Knitting Complications: When You’ve Made a Mistake

Mistakes always happen. Well, that might be too broad of a statement. With my knitting, mistakes always happen. The question is this: What do you do when you realise you have made a mistake?

My knitting is full of crazy mistakes. The Selbu mittens I love so much have a fairly dramatic one. One of the thumbs is an inch shorter than the other. It looks weird, but hardly anyone ever looks at my thumbs. When I realised the mistake, though, I was on the second mitten and saw that the first mitten had the error. I could have cut the thumb, ripped all the way back, and re-done the thumb. It would not have been too difficult, as thumbs are not that big.

I kind of wanted to preserve this mistake. These mittens were my first attempt at mittens and challenging colorwork. I’m so proud of what I accomplished, even with the thumb. In fact, the thumb is my measuring gauge to see how far I have come since then. It was also a little lesson on how I could love something that I knew was imperfect, which helped me a smidge in the self-esteem department.

Another piece I made huge, ghastly mistakes in was my mother’s shawl. Lace work can be so difficult, especially for beginners. I have not yet gotten to the point where I can look at a chart and visualise what’s going on around me. I can do that easily with a colorwork chart (okay, most people probably can). In the case of the lace shawl, I did rip back.

The appeal of lace is the precise alignment of the holes and slants. They create the design. I knew that if I left my mistakes, they would mess up the design, potentially ruining the piece. To help minimise the mistakes I made, I placed stitch markers (in my case jump rings) between each lace repeat. This way, if I did make a mistake, I could figure out exactly where it happened without having to rip out an entire row, which got up to 500+ stitches by the end.

I have been making mistakes with the latest shawl I have been working on as well.

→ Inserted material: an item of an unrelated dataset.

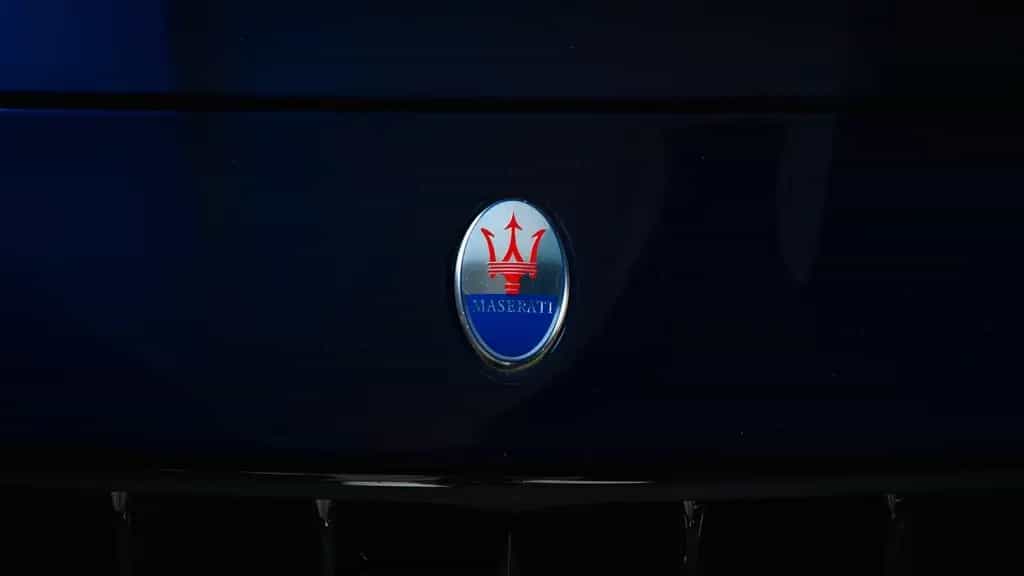 Maserati Quattroporte S Q4 *MASERATI DENMARK* 09/2019-photo-6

This time, I tried to correct as I went along. If I was missing a stitch, I picked one up near the edge of a repeat, where I thought it would be less noticeable. I was starting to think I’d have to rip the whole bottom lace part out until I started my second repeat of the rows. Turns out, the knitting looks right, even though I know it’s not. I’ll have to go a few more rounds before I’m sure I want to rip back or not.

How do you handle your knitting/crafting mistakes? How do you decide when to leave it as is, rip it out, or chunk the project altogether?

3 thoughts on “Knitting Complications: When You’ve Made a Mistake

  1. Sometimes I turn it into something else! My first attempt at a bracelet bag is now a cute little fabric basket, and a few of my attempted clothing refashions are now pretty pillows. But my seam ripper gets a good workout, too! 🙂

  2. I am always fighting the urge to want my knitting to be perfect. I used to rip back every time I found out I made even the slightest mistake, as even knowing there was an error somewhere would bother me greatly. But I’ve come to realise that most of the time, minor mistakes are not noticeable. Often, even I can’t see them unless I go looking specifically. Sometimes, even when I know there is a mistake I can’t find it anymore. So I’ve become more relaxed about leaving minor mistakes in. As for big ones, lifelines are my friend!

    My mother used to say that it was okay if a handmade item had a few mistakes in it; it was proof that it was hand made.

  3. Your story about the mittens made me smile–I have a story-I crocheted an afghan that was a larger size on one end, due to the fact that I mistakenly changed needle size which encreased the guage. Do you know , I won afirst prize on it at the local county fair? So you never know how your work will turn out in the end. Still have that ripple afghan!